Material to process:
• • • •
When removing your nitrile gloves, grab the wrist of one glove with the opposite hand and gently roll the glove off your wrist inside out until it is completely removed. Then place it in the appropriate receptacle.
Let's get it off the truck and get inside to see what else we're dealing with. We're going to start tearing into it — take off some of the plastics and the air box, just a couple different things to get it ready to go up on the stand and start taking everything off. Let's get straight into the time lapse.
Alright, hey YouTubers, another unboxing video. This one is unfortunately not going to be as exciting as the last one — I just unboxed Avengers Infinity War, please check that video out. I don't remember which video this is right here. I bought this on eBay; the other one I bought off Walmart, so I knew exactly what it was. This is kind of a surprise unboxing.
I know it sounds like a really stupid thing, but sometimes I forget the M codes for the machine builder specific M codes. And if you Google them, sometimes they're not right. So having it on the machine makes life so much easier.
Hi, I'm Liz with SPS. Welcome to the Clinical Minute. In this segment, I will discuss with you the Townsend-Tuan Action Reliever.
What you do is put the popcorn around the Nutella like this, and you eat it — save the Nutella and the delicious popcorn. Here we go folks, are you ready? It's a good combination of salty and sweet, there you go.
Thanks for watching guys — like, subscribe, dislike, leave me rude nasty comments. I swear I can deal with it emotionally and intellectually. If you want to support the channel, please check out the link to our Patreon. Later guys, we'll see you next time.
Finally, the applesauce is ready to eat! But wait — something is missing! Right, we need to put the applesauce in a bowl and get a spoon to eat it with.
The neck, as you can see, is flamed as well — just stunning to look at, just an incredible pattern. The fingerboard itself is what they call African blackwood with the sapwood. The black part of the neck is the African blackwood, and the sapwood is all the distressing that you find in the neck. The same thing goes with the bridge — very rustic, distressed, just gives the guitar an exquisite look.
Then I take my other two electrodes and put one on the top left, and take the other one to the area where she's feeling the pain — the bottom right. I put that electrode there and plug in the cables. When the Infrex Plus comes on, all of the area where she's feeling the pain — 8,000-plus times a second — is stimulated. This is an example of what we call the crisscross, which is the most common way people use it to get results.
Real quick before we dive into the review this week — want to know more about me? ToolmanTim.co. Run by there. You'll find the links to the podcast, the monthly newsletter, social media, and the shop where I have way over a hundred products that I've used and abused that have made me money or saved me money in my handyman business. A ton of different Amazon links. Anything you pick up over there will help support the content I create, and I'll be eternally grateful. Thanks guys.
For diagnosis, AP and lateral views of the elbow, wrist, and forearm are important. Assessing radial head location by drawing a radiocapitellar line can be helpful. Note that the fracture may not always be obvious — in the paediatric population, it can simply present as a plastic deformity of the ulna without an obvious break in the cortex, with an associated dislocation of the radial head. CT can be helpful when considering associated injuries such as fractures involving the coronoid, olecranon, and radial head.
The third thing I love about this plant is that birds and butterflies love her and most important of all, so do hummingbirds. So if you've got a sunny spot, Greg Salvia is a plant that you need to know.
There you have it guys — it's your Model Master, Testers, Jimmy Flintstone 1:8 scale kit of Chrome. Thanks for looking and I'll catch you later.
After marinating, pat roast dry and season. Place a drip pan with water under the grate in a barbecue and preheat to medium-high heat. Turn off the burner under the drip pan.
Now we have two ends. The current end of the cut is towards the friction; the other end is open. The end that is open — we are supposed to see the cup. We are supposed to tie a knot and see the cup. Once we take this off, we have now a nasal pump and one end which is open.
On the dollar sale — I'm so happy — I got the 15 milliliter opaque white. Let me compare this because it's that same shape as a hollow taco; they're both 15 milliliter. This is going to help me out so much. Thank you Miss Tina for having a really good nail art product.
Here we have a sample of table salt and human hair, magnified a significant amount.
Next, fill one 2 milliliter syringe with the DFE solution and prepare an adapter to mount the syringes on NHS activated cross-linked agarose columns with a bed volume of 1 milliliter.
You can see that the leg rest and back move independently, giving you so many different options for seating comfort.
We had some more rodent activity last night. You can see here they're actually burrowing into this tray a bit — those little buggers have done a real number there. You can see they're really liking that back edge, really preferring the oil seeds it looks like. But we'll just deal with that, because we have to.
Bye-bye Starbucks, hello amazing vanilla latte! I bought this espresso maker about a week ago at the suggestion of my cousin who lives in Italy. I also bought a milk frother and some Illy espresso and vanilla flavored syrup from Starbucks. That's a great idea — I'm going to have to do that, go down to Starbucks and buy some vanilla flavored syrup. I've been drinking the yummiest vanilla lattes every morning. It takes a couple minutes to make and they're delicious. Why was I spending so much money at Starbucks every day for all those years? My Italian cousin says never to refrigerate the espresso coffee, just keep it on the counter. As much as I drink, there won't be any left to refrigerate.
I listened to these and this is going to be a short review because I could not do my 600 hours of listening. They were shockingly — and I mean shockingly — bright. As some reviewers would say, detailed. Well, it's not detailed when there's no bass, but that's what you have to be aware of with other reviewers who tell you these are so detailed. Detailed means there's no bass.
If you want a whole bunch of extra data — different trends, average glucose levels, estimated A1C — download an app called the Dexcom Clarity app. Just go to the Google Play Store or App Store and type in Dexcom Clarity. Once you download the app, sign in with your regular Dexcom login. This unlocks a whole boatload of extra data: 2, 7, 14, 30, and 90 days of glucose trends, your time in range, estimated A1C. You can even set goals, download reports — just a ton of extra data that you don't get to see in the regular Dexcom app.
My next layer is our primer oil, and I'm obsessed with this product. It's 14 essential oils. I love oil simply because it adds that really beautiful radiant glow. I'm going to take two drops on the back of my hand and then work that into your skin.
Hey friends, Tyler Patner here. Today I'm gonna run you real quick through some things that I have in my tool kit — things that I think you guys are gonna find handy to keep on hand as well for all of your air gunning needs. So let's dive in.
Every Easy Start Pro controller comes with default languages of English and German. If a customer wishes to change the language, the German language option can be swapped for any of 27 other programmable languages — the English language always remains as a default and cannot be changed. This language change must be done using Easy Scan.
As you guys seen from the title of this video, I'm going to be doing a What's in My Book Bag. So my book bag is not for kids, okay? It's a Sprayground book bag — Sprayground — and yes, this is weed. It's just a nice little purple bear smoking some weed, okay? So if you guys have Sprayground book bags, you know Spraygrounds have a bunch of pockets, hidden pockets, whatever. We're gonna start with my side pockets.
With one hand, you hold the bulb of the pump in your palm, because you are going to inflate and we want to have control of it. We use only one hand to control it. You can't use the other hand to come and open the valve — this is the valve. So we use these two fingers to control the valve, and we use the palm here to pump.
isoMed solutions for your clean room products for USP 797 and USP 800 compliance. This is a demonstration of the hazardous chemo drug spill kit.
• • • •
Task instructions:
Find the word "please" in the records, and report each line that has it.

Exercise result:
Alright, hey YouTubers, another unboxing video. This one is unfortunately not going to be as exciting as the last one — I just unboxed Avengers Infinity War, please check that video out. I don't remember which video this is right here. I bought this on eBay; the other one I bought off Walmart, so I knew exactly what it was. This is kind of a surprise unboxing.
Thanks for watching guys — like, subscribe, dislike, leave me rude nasty comments. I swear I can deal with it emotionally and intellectually. If you want to support the channel, please check out the link to our Patreon. Later guys, we'll see you next time.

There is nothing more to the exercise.